Beginning at the line containing "Free Content young" in the material below and ending at the line containing "3728 Cypress Meadows", return each line exactly and add nothing.

====== Task input ======

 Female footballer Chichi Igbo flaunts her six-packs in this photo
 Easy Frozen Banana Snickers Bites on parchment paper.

======
====== Task input ======

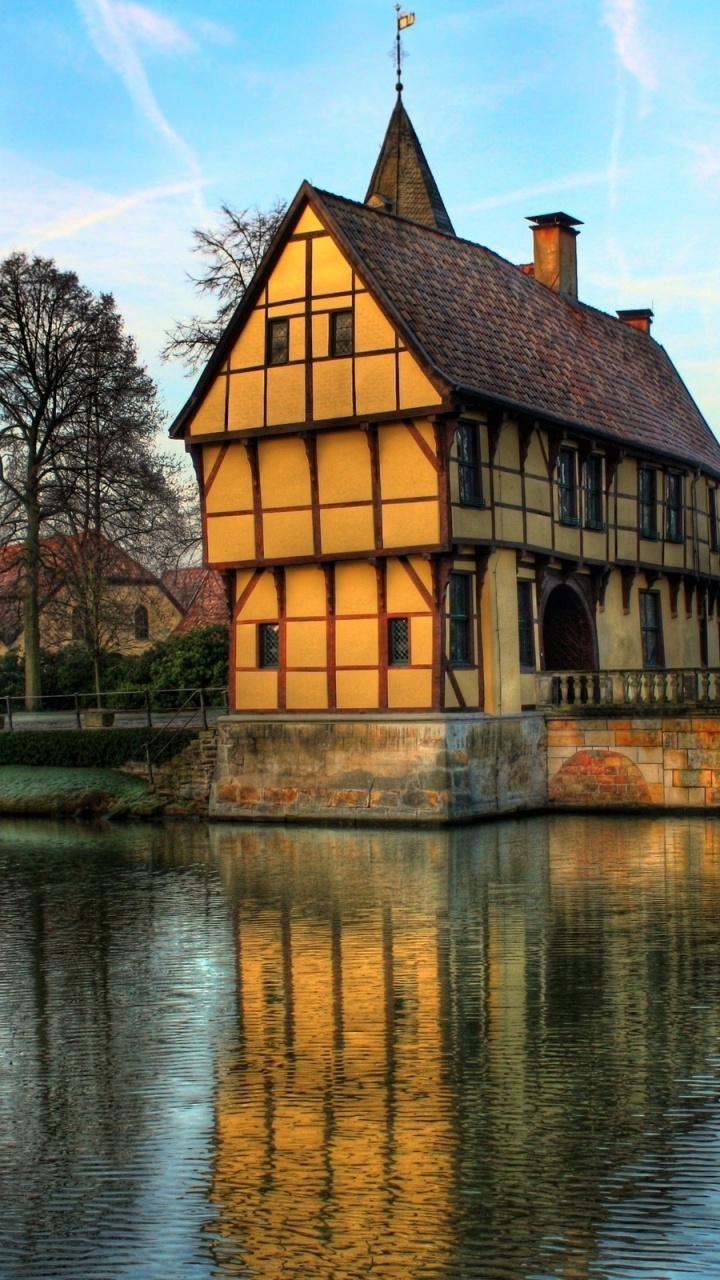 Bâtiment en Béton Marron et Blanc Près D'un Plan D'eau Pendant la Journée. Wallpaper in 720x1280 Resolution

======
====== Task input ======

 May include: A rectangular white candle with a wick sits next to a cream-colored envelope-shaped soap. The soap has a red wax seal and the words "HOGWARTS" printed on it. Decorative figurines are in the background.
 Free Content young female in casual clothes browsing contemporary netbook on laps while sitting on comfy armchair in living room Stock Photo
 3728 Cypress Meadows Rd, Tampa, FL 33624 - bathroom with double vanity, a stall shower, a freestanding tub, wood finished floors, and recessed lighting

======

**Finished task**:
 Free Content young female in casual clothes browsing contemporary netbook on laps while sitting on comfy armchair in living room Stock Photo
 3728 Cypress Meadows Rd, Tampa, FL 33624 - bathroom with double vanity, a stall shower, a freestanding tub, wood finished floors, and recessed lighting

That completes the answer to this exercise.